Continuing down the path of securing system privacy via Intel SGX, Ryoan explores a system to facilitate secret data sharing in a distributed scenario with mutually distrusting entities. Today, there has been and continues to be a proliferation of 3rd party data processing services and data manipulation platforms. The myriad of data analysis companies, from web analytics like Google Analytics to machine learning platforms through AWS, provide their services not so much through local applications, but more as SaaS services. This requires users who may want to keep their data secret to service providers that they do not necessarily trust. The goal of Ryoan is to employ SGXs, like Haven, to allow users to use a service without having to trust the application or platform and have reassurance that their data is kept secret.

Ryoan’s usage is framed as a requested oriented data model, where data is uploaded, processed one time, and returned to the user. No state is persisted by the service provider. From a TCB (Trusted Computing Base) and threat model standpoint, users and service providers are assumed to distrust one another, but all parties trust Ryoan and SGX. The main innovation of this paper is, to prevent modules, the service itself, from reading secrets out of memory, the module is executed inside an enclave. By sandboxing a module’s accessible memory + system calls, enforcing encryption, and having Ryoan control a module’s lifecycle (initialize ⇒ read input ⇒ process ⇒ write output), a module is unable to write out user data, collude with malicious users, or persist state between requests.

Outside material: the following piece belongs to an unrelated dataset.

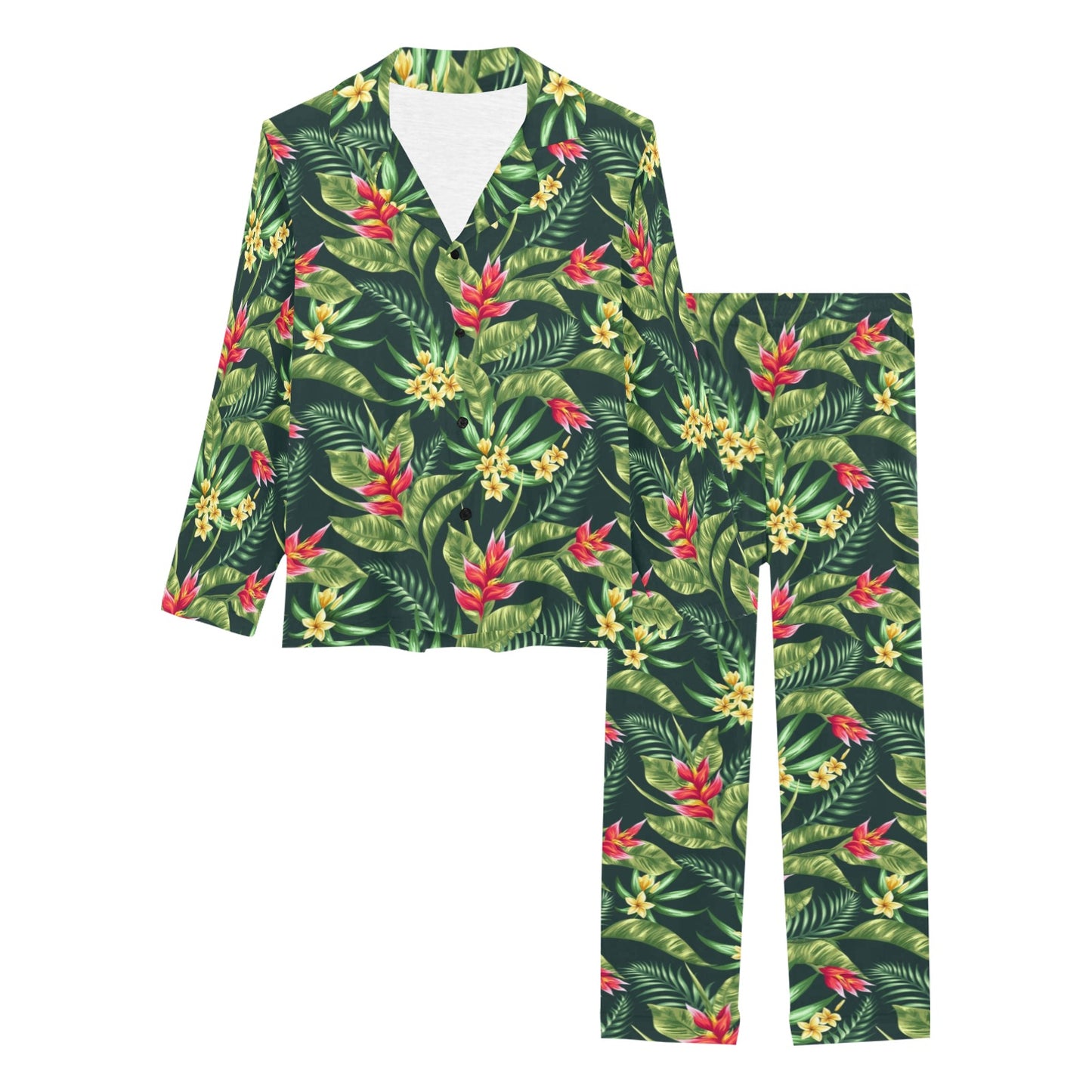 Tropical Folower Red Heliconia Print Women's Long Pajama Set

While the threat model is well defined by the authors, I felt that it doesn’t capture certain potential issues. Buggy code that is vulnerable to leaking its own secrets will expose information during execution. While it doesn't compromise privacy, denial of service attacks are also possible. Applications that use repeated computations on similar input data would not be masked by hashing since the output would be deterministic. In addition, applications requiring storage or a lot of memory would not be able to persist due to Ryoan’s primitive that state should not be stored across requests; therefore, any information exceeding Ryoan's storage capacity would logically not be processed. Multi-user computation is not possible due to the designs to prevent module-user collusion. The model also includes hardware in the TCB, leaving it open to hardware security issues such as page faults or timing attacks.

The most immediate extensions would be to address some of the aforementioned limitations. Ryoan enforces a lot of properties on a module for a variety of reasons ranging across security, performance, and compatibility. When put into practical use, I think it’d be interesting to see whether the whole suite of applications is absolutely necessary. For instance, NaCl ensures only module memory can be addressed, syscalls are not made directly to hardware, and SGX state cannot be modified. It’d be interesting to see whether, given a different TCB, such as running both the module and OS in an enclave, would render some of Ryoan’s properties unnecessary while enjoying a performance gain. The multiuser collaboration issues seem to be addressed in the ML context with federated learning, which will be interesting to draw comparisons with.